The opposition leader thanked his supporters, who plan to protest for his release despite threats from the authorities. Instagram / navalny

Kremlin critic Alexei Navalny has said he does not plan to commit suicide and thanked his supporters in his first statement since being jailed in one of Moscow’s most notorious prisons upon his return to Russia.

Navalny was sentenced to a month in jail this week after returning from Germany, where he had been recovering from what Western scientists determined to be poisoning with the Novichok nerve agent. He is being held in Matrosskaya Tishina, the site where lawyer Sergei Magnitsky died in 2009 after investigating large-scale fraud involving Russian tax officials. 

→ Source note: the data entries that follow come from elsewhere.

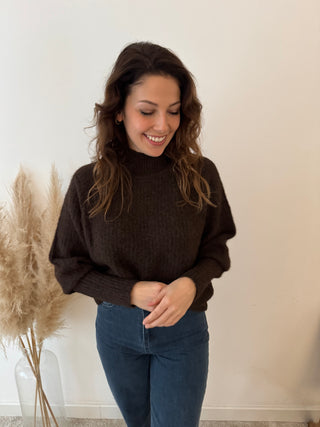 Soft simple brown turtleneck knit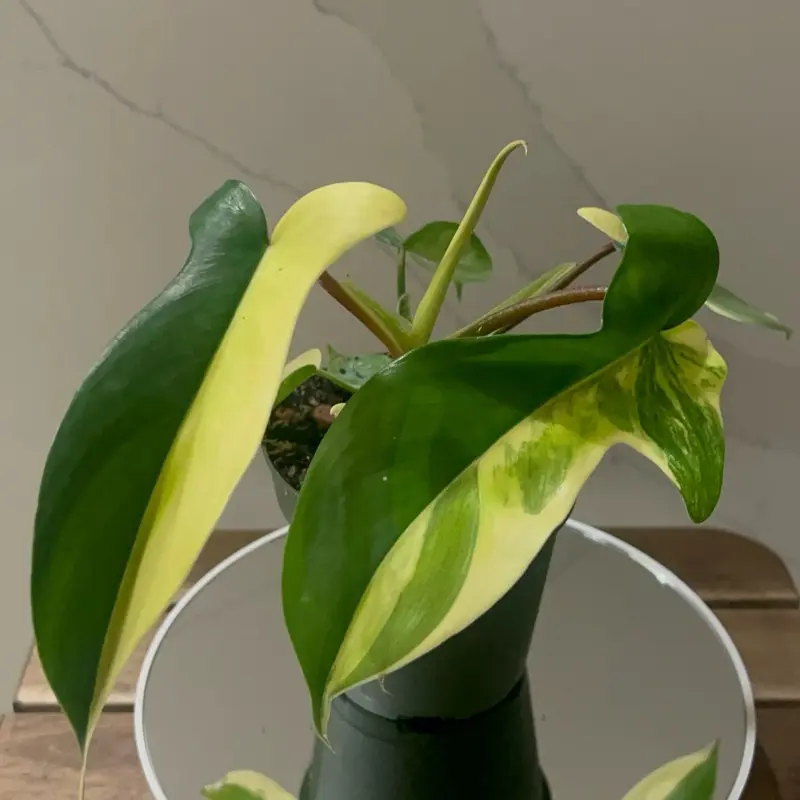 philodendron golden goddess - TikTok Shop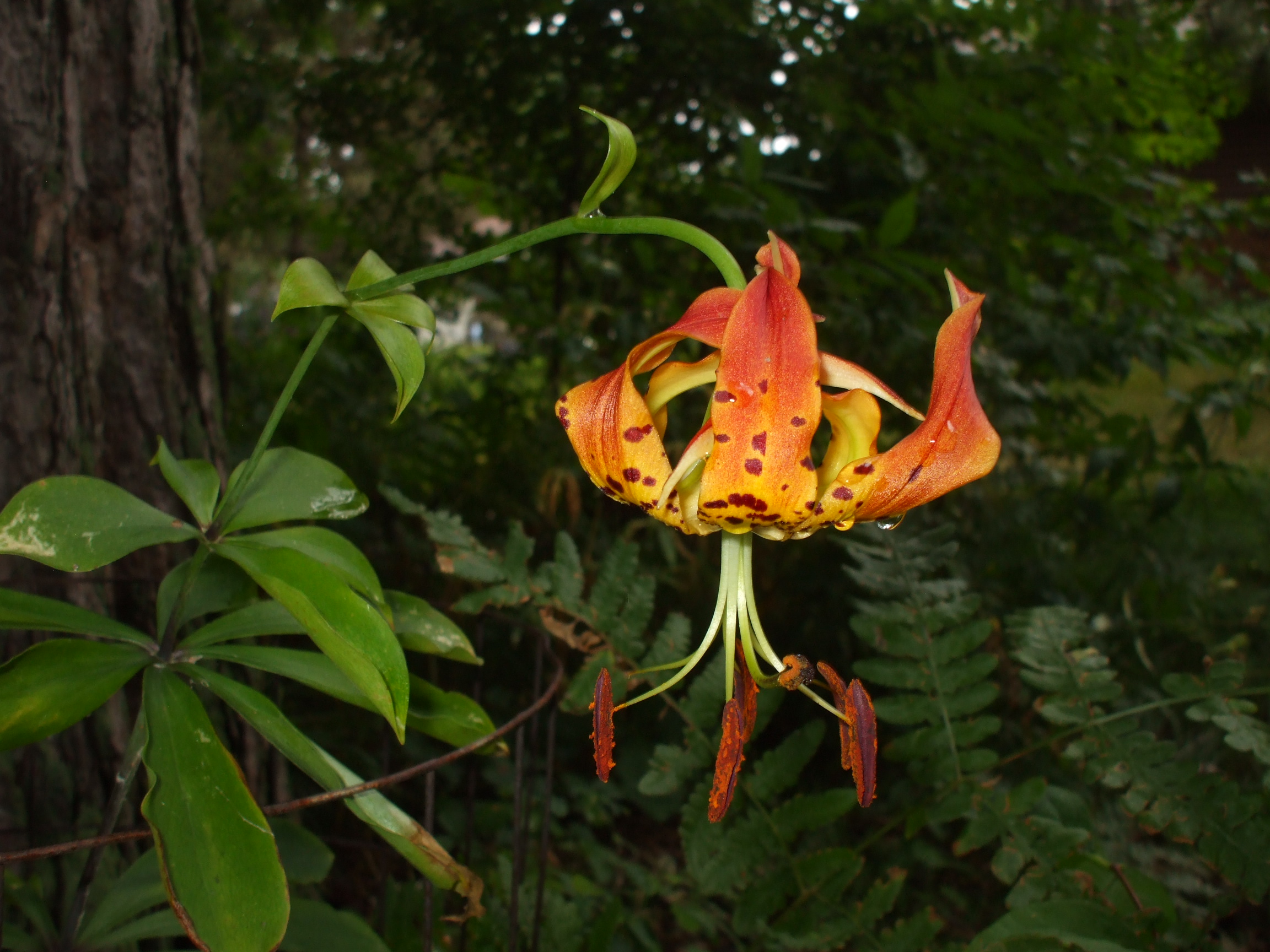 Lilium michauxii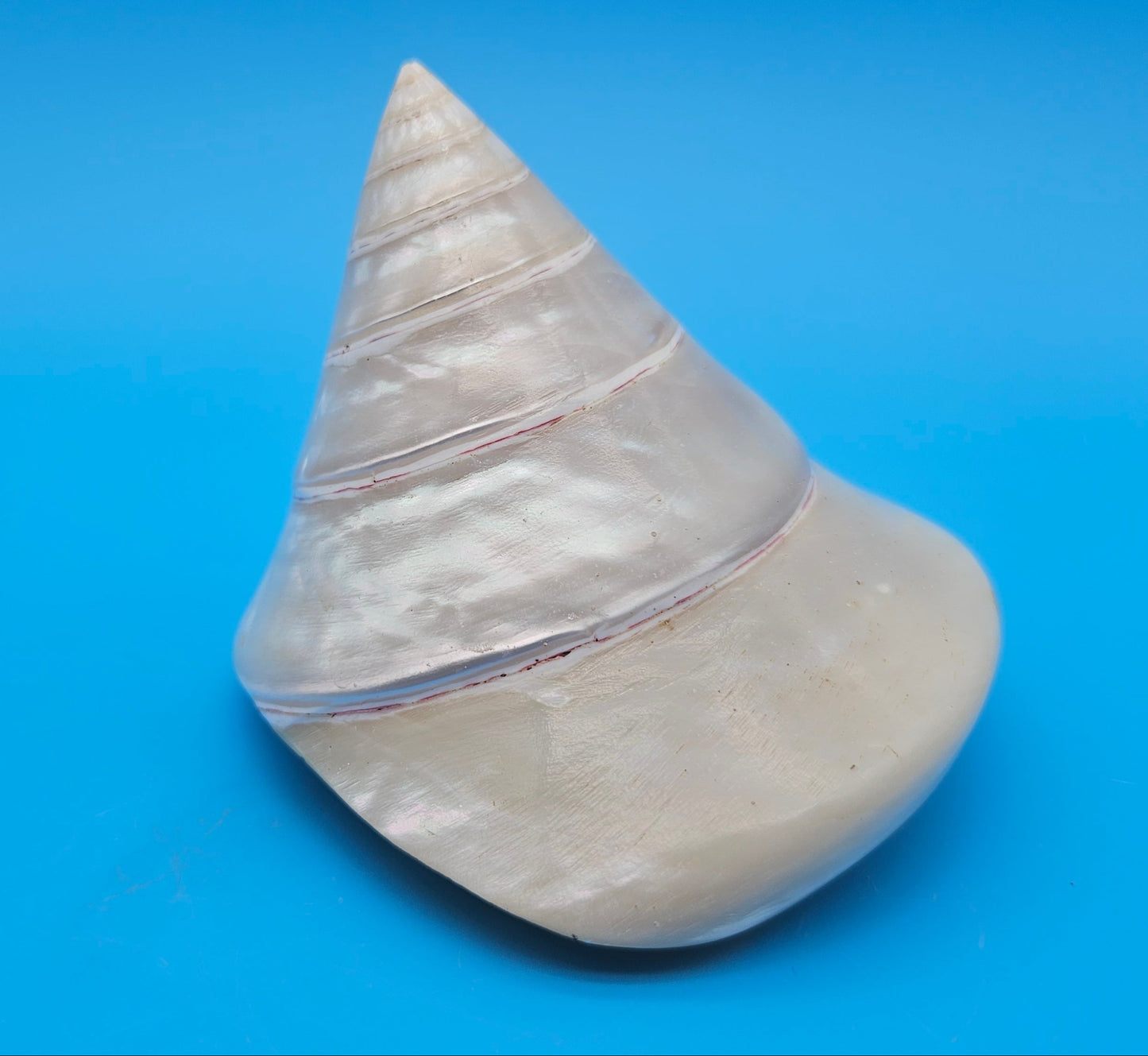 Pearled Trochus Niloticus Shell 3.9" Polished Spiral Display Shell with Iridescent Finish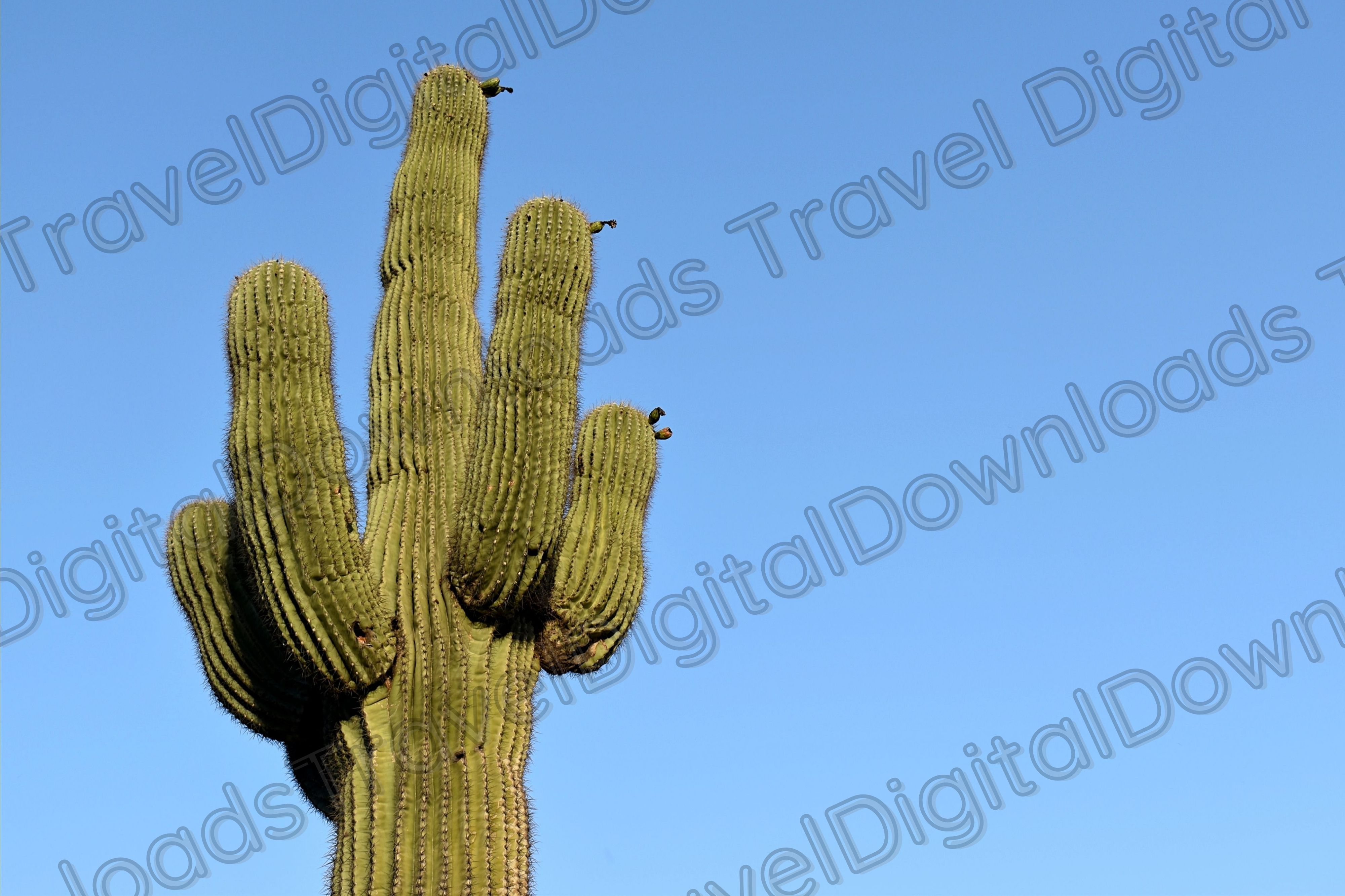 Saguaro Cactus Blue Sky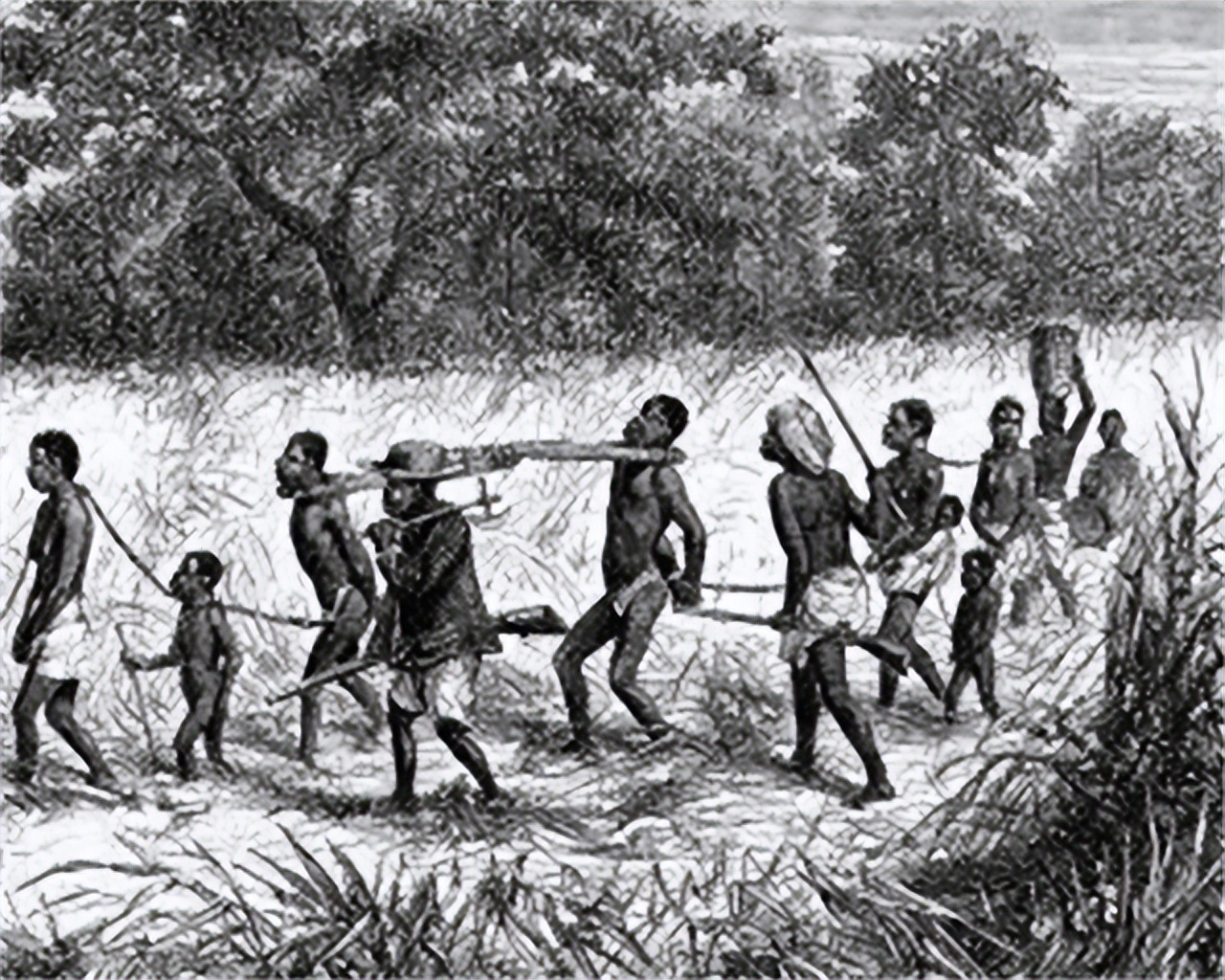 比鞭子、锁链、烙铁恐怖多了，为何轧棉机成为黑奴最痛恨的发明？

“Just in case: I don’t plan to either hang myself on the window or cut my veins or throat open with a sharpened spoon,” Navalny wrote on his Instagram on Friday. “I use the staircase very carefully [and] they take my pressure every day so a sudden heart attack is ruled out […] I’m in a stable psychological and emotional state.” 

The anti-corruption campaigner also thanked his supporters, who plan to take to the streets across the country Saturday to call for his release despite threats from the authorities. 

“I know for a fact that there are many good people outside my prison and that help will come,” he wrote. 

Navalny pointed to the young Russians who launched viral TikTok trends in which they showed themselves preparing for Saturday’s protests and replacing President Vladimir Putin’s portraits in their classrooms with Navalny’s photo. The hashtags #freeNavalny and #23January had gained more than 200 million views on the popular video-sharing app by 11 a.m. on Friday, reports said. 

“Separate respect for the schoolchildren, who, according to my lawyer's words, arranged ‘lawlessness on Tik Tok.’ I don't know what that means, but it sounds cool,” Navalny wrote.

Navalny accuses Putin of orchestrating his poisoning and has said the latest attempts to jail him are politically motivated, while European leaders have called for the opposition leader's release.